You did not expect: Both.

There is so much more. You did not expect the Ravens to lose their running game (they went through one sequence where Rice got three carries in 18 offensive plays) then rediscover it before disaster struck. You did not expect Knowshon Moreno to catch a touchdown pass on a stop-and-go route from an empty backfield set, then leave the game with a knee injury. You did not expect Jacoby Jones to be the hero of a playoff game. You did not expect Brandon Stokely to nearly be the hero of a playoff game in the second decade of the 21st century. You did not expect Michael Oher and Bryant McKinnie to get away with so much holding in a game with 18 penalties. You did not expect Von Miller to finally escape all of that holding, crash into Flacco’s legs, bounce off, and briefly hurt himself.

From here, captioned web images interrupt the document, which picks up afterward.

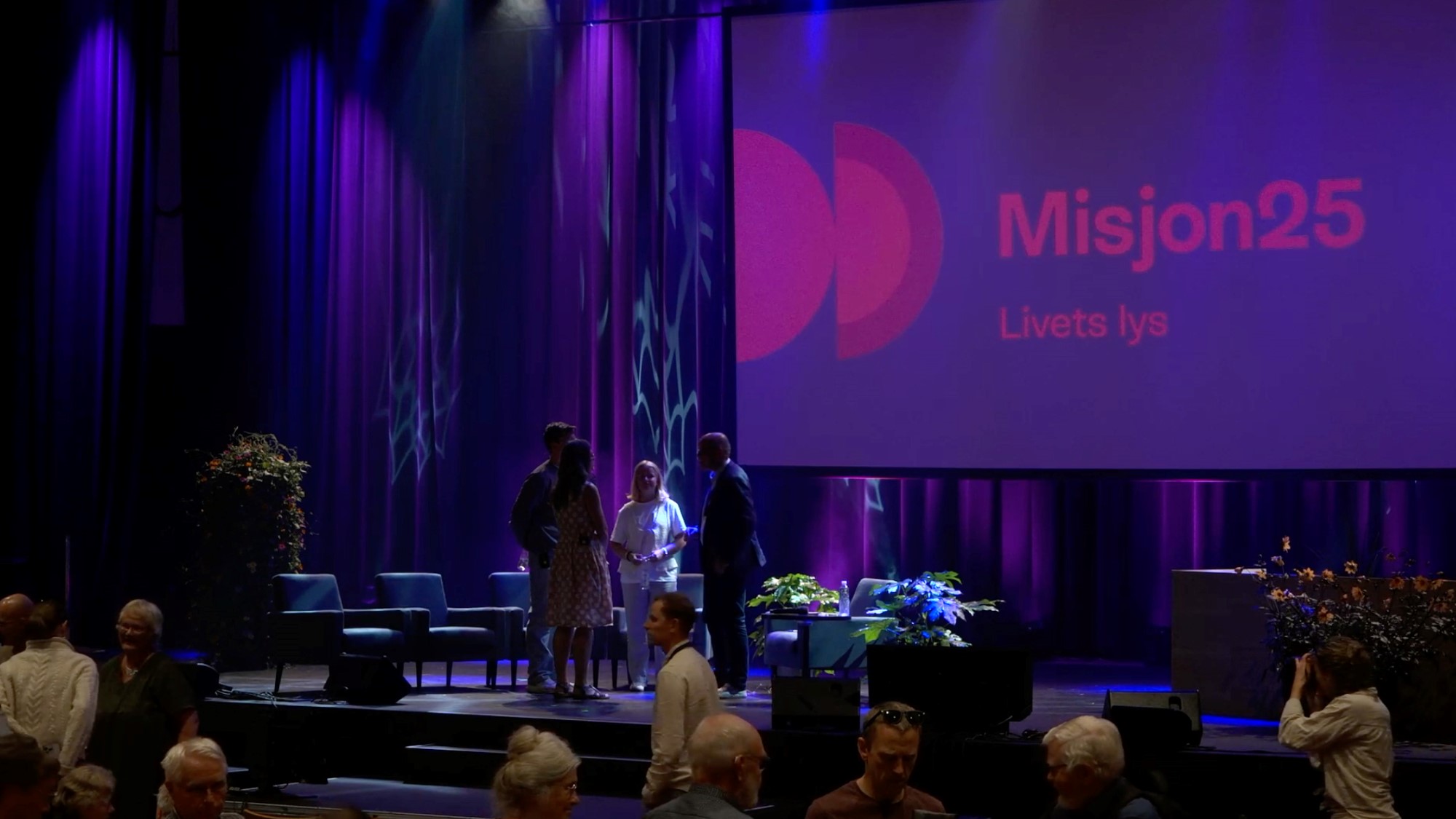 Stillbilde av scenen hvor podkasten ble spilt inn. Noen av deltakerne prater sammen før sending.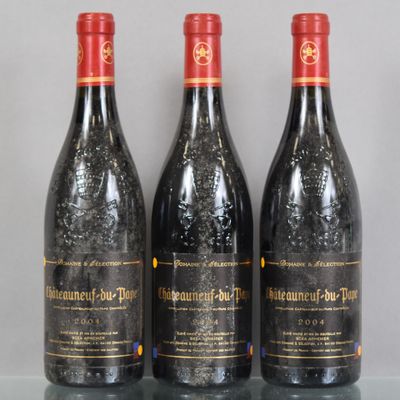 three bottles of red wine sitting on top of a glass table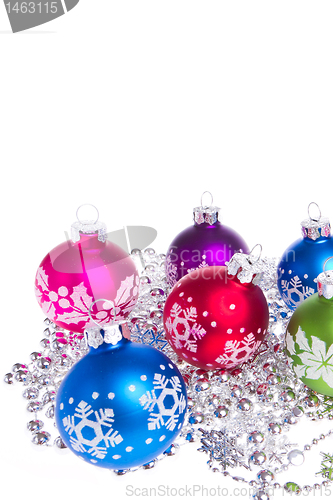 Image of christmas balls with snowflake symbols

Simultaneously confirming and defying expectations may be the mark of a truly great game. The Ravens upset made a mockery of all the easy storylines and lazy mythmaking. Great quarterbacks like Manning lead game-winning drives in playoff games, but those drives don’t always win games. Ordinary players like Trindon Holliday have career games, yet remain ordinary. Flacco keeps showing up in the AFC Championship game, whether anyone thinks he belongs there or not. Nothing about the Ravens upset turned out the way we expected, yet everything did: Manning audibled and battled, Flacco bombed, Lewis tackled and howled, Fox played it safe. Both Manning and the Broncos have a habit of first round losses after magnificent seasons, and the Ravens have a way of lingering. It all happened again, the expected result you could not expect.

Saturday’s Ravens upset was a Ravens game and a Manning game like any other. Only more so.